Eliminating Coupon Fraud
In August 2012 a 22-year old computer whiz and former student at the Rochester Institute of Technology pleaded guilty to an online coupon scam that cost retailers and manufacturers hundreds of thousands of dollars. The coupons were for everything from Tide laundry detergent to PlayStations.
The Texas native, Lucas Townsend Henderson, duped retailers by designing coupons to look like legitimate coupons from SmartSource. Although Henderson was doing it for beer and snacks, his counterfeit coupons were used to redeem $200,000 of Tide laundry detergent in one month alone. A loss that the chemical giant passed on to consumers by increasing prices and offering fewer legitimate coupons.
According to the Coupon Information Center (CIC), an organization devoted to preserving the integrity of coupons and other promotional programs, fraud schemes totaling over $750 million have been uncovered since 1986. More scams are being uncovered with greater frequency and it’s believed that coupon fraud is a billion dollar industry.
It’s a costly cycle that affects manufacturers, retailers and consumers with consumers being the big losers as they are the ones who are forced to make up the loss with higher price tags.
Despite the problems with coupon fraud, internet coupons are not going away any time soon.

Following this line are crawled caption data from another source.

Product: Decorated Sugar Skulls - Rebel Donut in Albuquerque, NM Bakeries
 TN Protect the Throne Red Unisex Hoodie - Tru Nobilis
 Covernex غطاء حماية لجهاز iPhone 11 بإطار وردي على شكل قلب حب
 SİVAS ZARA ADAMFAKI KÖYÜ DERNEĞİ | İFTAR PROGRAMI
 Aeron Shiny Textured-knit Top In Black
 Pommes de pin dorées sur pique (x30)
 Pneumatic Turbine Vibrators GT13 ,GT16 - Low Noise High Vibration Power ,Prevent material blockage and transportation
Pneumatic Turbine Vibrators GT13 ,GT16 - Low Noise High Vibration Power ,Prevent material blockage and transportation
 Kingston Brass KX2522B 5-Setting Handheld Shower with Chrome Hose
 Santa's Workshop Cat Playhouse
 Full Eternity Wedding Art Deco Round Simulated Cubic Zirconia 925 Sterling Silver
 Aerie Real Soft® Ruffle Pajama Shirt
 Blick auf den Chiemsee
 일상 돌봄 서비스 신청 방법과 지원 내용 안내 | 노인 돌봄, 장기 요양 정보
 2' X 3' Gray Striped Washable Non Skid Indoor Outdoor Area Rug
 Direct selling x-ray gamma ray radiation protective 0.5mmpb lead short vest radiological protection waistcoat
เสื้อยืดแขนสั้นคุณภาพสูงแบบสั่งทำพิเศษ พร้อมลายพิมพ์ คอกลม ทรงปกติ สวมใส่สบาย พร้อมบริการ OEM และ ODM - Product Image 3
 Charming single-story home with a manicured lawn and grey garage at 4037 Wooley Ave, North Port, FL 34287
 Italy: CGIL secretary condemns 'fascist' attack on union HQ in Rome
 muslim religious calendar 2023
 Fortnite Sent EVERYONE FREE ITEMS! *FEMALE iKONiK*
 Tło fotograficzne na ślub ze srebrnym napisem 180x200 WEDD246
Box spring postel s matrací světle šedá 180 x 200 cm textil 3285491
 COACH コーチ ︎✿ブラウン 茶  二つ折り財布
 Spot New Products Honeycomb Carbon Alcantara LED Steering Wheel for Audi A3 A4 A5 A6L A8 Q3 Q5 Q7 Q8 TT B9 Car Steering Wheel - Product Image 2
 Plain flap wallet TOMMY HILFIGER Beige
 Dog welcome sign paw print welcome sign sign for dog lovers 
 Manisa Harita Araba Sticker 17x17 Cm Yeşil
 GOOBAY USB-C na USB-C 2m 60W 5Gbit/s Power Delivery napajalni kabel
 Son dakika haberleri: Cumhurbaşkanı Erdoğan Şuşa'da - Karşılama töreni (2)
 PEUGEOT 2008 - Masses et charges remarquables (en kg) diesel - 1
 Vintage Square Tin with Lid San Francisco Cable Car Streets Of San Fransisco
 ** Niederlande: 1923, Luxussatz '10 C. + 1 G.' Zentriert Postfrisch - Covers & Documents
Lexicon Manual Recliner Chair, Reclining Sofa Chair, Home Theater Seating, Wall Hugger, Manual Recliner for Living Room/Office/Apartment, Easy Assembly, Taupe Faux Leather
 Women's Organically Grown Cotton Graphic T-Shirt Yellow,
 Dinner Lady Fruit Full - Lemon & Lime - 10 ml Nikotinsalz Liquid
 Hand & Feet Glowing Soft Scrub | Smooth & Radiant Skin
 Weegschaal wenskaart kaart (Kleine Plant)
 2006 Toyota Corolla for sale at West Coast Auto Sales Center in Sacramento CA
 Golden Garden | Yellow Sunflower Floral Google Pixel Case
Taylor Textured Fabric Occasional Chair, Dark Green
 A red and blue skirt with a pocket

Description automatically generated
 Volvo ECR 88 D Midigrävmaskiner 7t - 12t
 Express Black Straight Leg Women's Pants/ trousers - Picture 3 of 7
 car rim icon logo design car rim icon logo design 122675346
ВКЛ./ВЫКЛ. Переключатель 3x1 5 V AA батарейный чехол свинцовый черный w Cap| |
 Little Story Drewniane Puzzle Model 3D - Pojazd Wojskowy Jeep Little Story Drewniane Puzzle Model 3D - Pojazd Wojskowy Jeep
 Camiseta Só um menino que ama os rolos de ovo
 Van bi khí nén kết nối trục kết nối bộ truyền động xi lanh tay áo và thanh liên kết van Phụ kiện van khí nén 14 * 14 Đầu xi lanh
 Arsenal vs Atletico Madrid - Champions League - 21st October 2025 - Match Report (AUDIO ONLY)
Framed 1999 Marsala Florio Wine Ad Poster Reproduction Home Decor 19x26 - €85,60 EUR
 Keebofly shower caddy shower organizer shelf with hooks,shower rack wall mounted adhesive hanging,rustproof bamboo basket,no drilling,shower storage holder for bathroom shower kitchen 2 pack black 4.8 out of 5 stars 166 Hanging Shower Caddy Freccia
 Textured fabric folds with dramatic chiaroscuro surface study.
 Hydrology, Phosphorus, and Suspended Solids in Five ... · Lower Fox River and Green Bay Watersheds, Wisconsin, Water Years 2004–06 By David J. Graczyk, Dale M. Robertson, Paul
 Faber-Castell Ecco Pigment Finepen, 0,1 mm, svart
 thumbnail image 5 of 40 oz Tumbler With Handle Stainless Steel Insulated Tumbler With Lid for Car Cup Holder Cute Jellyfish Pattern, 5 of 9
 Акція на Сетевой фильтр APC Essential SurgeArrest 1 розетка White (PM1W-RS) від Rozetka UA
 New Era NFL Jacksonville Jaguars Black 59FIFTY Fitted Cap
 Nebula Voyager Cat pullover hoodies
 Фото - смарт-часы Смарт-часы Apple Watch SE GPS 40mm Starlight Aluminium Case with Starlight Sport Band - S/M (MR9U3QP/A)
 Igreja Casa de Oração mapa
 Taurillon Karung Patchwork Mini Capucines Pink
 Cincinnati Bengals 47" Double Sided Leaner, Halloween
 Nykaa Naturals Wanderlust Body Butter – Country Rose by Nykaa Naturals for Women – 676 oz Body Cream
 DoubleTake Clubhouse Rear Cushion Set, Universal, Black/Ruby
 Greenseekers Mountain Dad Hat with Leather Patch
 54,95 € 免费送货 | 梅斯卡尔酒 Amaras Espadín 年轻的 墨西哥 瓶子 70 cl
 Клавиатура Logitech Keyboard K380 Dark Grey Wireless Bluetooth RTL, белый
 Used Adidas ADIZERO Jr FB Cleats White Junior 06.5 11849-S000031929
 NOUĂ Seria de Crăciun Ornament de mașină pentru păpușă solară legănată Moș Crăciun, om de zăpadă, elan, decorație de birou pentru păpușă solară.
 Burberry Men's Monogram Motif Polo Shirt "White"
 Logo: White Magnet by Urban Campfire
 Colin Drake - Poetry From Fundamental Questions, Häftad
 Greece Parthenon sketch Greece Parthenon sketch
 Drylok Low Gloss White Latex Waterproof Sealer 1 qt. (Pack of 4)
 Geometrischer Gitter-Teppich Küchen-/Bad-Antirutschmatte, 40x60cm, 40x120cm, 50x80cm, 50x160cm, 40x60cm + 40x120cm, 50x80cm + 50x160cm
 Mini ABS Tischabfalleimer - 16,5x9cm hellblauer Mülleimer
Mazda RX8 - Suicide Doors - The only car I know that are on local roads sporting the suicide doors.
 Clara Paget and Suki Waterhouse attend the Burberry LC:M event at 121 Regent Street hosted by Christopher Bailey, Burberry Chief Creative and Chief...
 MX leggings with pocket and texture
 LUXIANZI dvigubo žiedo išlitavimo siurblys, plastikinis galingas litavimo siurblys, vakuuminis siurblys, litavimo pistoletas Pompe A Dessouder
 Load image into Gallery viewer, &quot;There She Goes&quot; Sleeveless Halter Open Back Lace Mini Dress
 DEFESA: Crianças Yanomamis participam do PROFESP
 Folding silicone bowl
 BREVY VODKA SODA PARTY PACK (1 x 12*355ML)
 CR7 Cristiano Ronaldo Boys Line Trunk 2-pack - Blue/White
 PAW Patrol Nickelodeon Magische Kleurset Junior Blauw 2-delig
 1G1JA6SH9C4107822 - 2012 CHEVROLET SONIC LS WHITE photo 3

There can be some pretty damaging repercussions if you’re found using counterfeit coupons. Ultimately, it’s up to you to protect yourself from this and it’s important to understand what coupon fraud is, how to recognize it and how to prevent its proliferation.
Coupon fraud happens when someone tries to redeem coupons without making a product purchase, or the coupons have been altered or counterfeited. If a coupon is too good to be true or involves money upfront, it’s likely a scam. Be wary of coupon emails from unknown senders and unfamiliar websites and forums offering huge savings on brand name goods. To keep from participating in a criminal’s coupon scam, take the time to research any of these ‘exclusive’ and ‘once in a lifetime’ offers.
Never buy coupons. A very common, profitable and easy cheat is to forge coupons and sell them online. Not only is the practice a violation of the manufacturer’s policy, but illegal. While tempting to pay pennies for significant savings on expensive products, it’s very likely that you’re participating in a criminal activity. Do not be swayed by the seller’s claim that you’re paying for their ‘time and effort’ when purchasing coupons. They are essentially acknowledging the fact that the practice is illegal, and subject to steep criminal charges and civil fines. Refrain from supporting and encouraging such fraud by not purchasing coupons online.
Help protect yourself and other consumers by helping to minimize the impact of coupon fraud. Being smart about where and how you acquire your coupons will ultimately save you and your family a lot of money in the long run.